How can I take full advantage of a milling machine’s dynamics?
The Dynamic Precision package of functions for the TNC controls perfectly combines a high level of accuracy with dynamic motions.
The Dynamic Precision package of functions for the TNC controls is a collection of functions that combine high accuracies with dynamic motions. These functions minimize not only forces that affect the mechanics of a machine tool during operation, but also the resulting deviations at the tool center point.
The Cross Talk Compensation (CTC) function compensates for forces that are introduced by dynamic acceleration processes and that briefly deform parts of the machine, leading to deviations at the tool center point. Regardless of the actual acceleration, CTC makes either more precise production with better surfaces possible, or it significantly reduces the machining times by increasing the jerk.
Active Vibration Damping (AVD) suppresses dominant low-frequency vibrations and permits fast, vibration-free milling. This makes it possible to set high jerk values. Machining times can be reduced without compromising surface quality. In particular, the combination of CTC and AVD helps reconcile the contradictory requirements of accuracy and speed. In practice, this functionality provides greater efficiency during the milling of high-quality, free-form contours.
The Load Adaptive Control (LAC) function continuously determines the current mass for linear axes, or the mass moment of inertia for rotary axes, and adapts the feed-rate control to the values measured at any given time. This improves the dynamic accuracy of the axis for every situation under load, enabling the use of optimized jerk values for the feed axes on the workpiece side. The result is a shorter machining time, since the feed axes reach the desired positions sooner. In addition, LAC compensates for all changed friction values and therefore ensures higher contour accuracy.
How can I implement the accuracy requirements of a workpiece efficiently?
KinematicsOpt and 3D-ToolComp make it possible to efficiently create a highly accurate workpiece using the true accuracy of the machine and tool.
Accuracy requirements are becoming ever more stringent, particularly in the realm of 5-axis machining. Complex parts must be manufactured with both precision and reproducible accuracy, including over extended periods of time. During machining, however, machine components are subjected to relatively high temperature fluctuations. The kinematic transformation chain should therefore be adapted correspondingly. The KinematicsOpt software option not only handles the re-calibration, but also saves all data regarding modifications to the kinematic configuration.
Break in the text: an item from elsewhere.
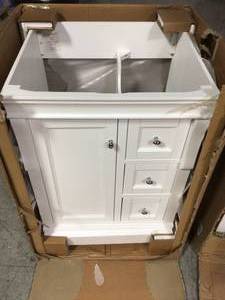 Lot of Bathroom White Cabinet and Vanity see pictures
A triggering 3-D touch probe is used to measure the position of a precise calibration sphere at various rotary axis settings. The result is a report providing the current actual accuracy during tilting. If desired, KinematicsOpt also automatically optimizes the measured axes simultaneously, and requisite modifications to the machine data are also automatically implemented. The user needs no detailed knowledge about the kinematic configuration of the machine and can re-calibrate his milling machine in just a few minutes. If the calibration sphere is permanently mounted on the machine table, then this procedure can even be performed as an automated step between the individual machining processes.